* GOAL OF THE EXERCISE *
No pictures, please. Copy exactly the lines from the one with "Fiche PDF : Repérages (5ème)" through the final line below.

[Items from a data source]
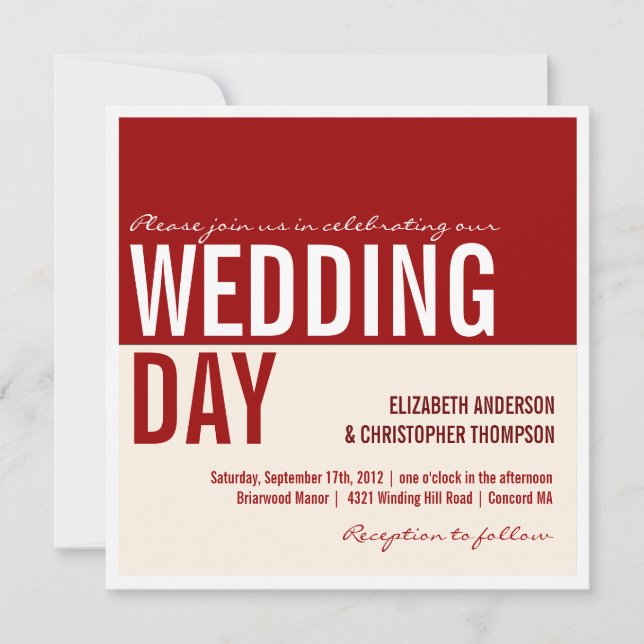 Bold Modern Graphic Block Wedding Invitation (Front)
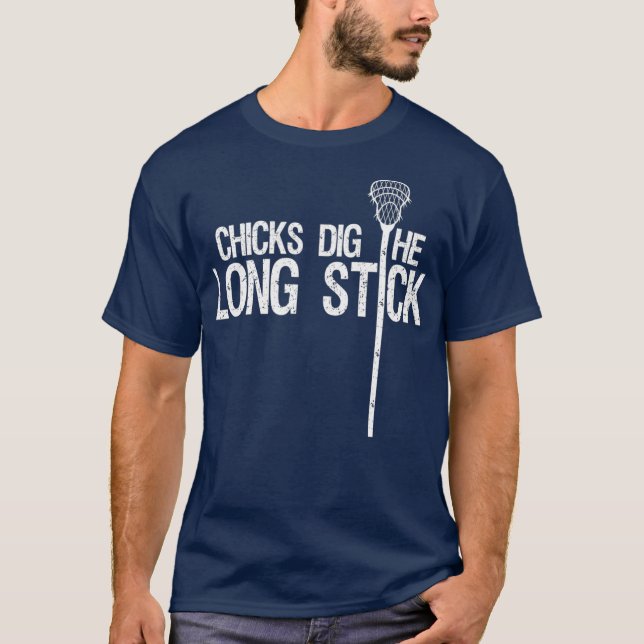 Chicks Dig The Long Stick  Cool Lacrosse Defence T-Shirt (Front)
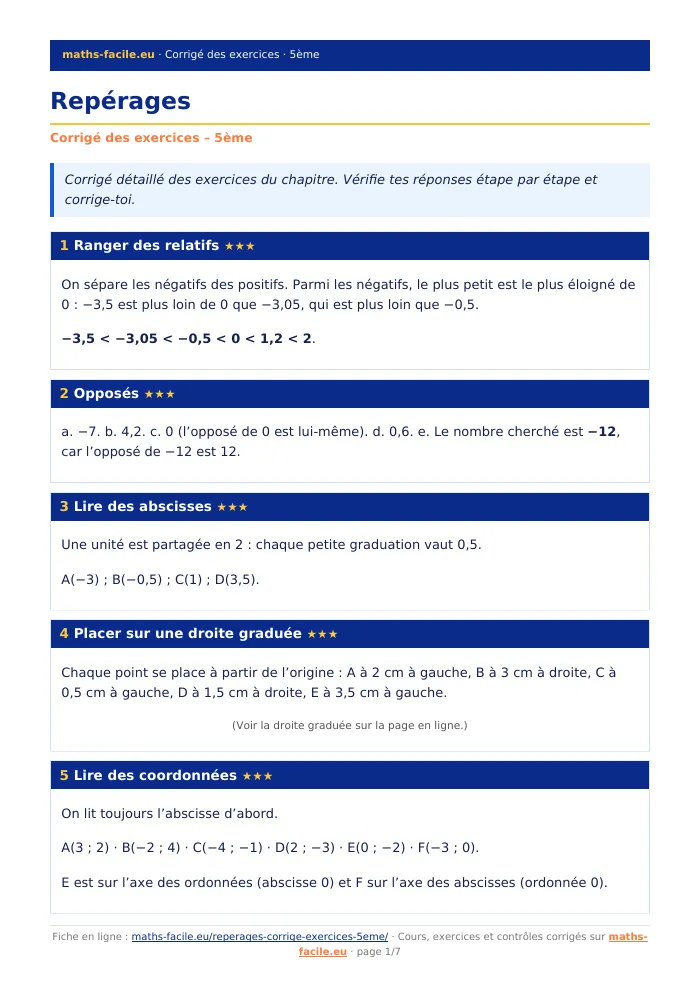 Fiche PDF : Repérages (5ème)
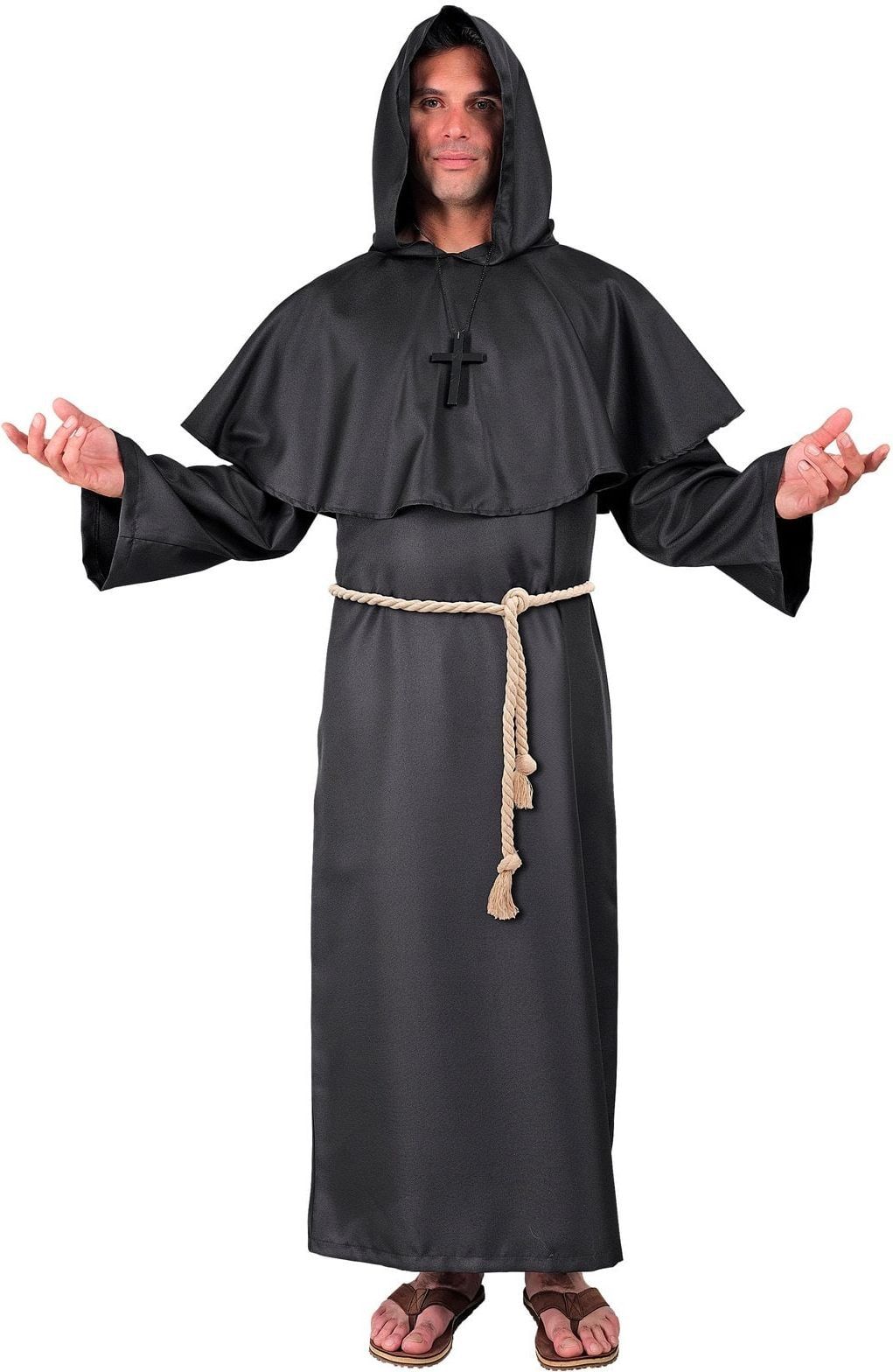 Monnik Kostuum Carnaval Zwart Heren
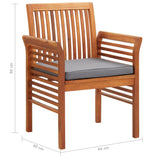 NNEVL Garden Dining Chairs with Cushions 2 pcs Solid Acacia Wood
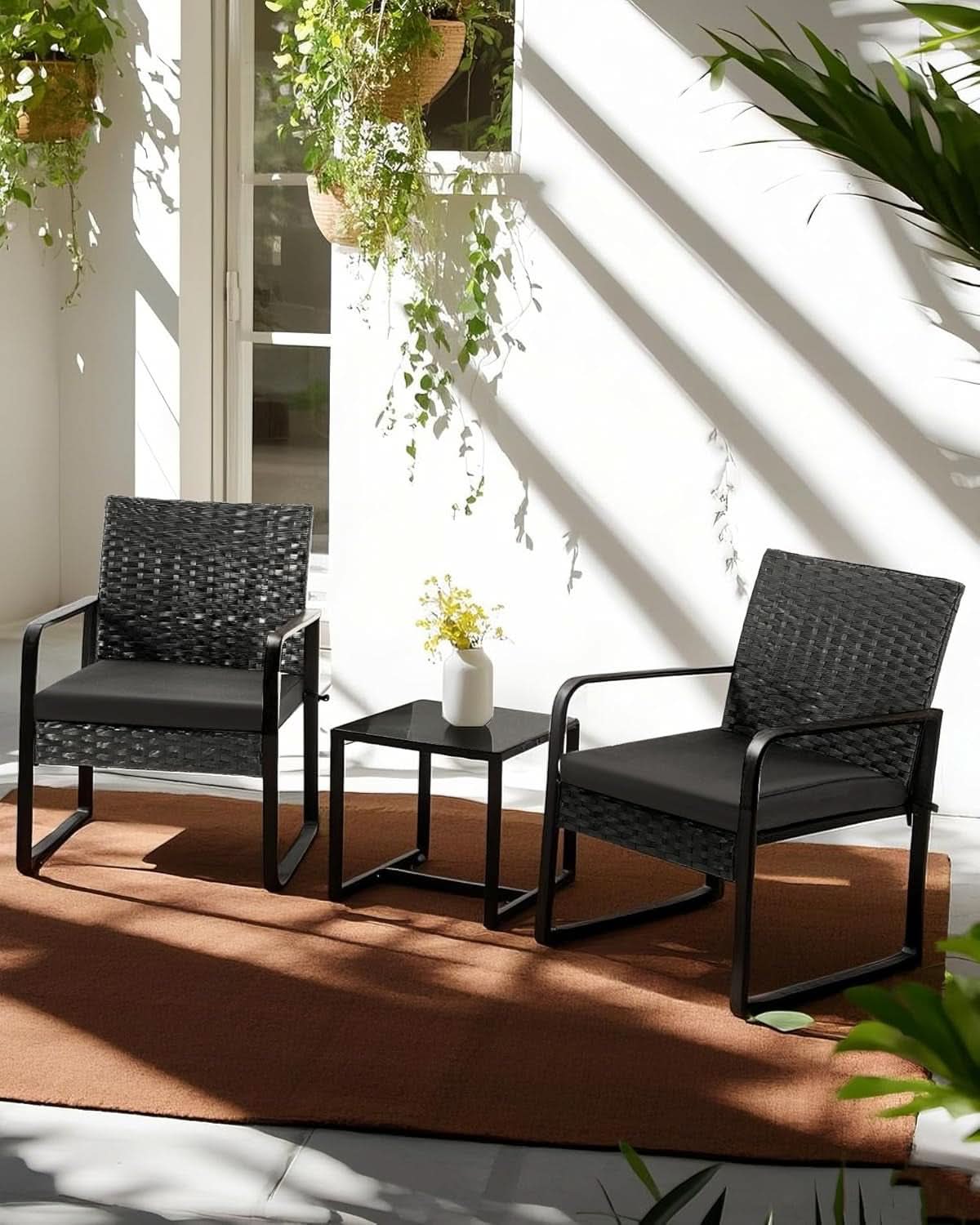 3 Piece Outdoor Patio Furniture Set Wicker Conversation Set With Glass Coffee Table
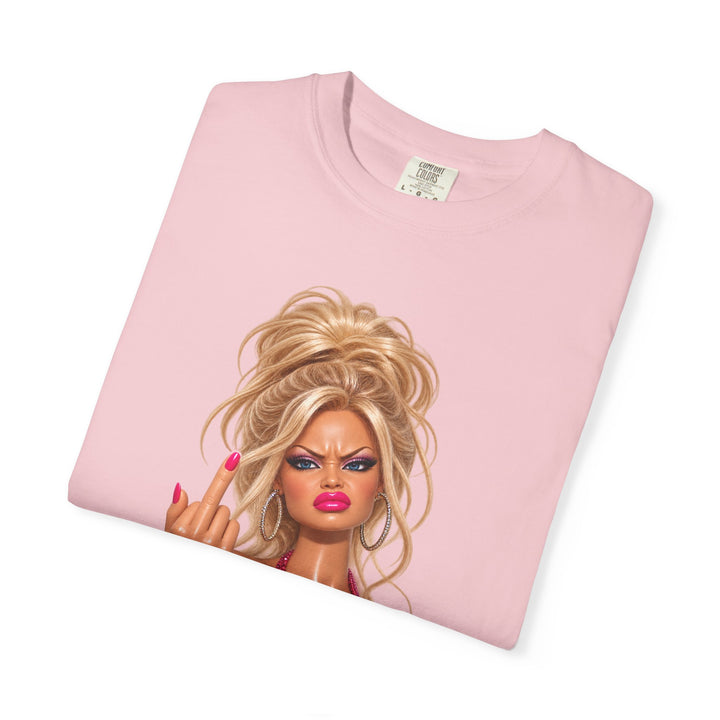 Middle Finger Meme Doll Retro Glam Diva T‑Shirt Sassy Sarcastic Joke Graphic Tee Women Humor Gag Shirt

* EXPECTED ANSWER *
 Fiche PDF : Repérages (5ème)
 Monnik Kostuum Carnaval Zwart Heren
 NNEVL Garden Dining Chairs with Cushions 2 pcs Solid Acacia Wood
 3 Piece Outdoor Patio Furniture Set Wicker Conversation Set With Glass Coffee Table
 Middle Finger Meme Doll Retro Glam Diva T‑Shirt Sassy Sarcastic Joke Graphic Tee Women Humor Gag Shirt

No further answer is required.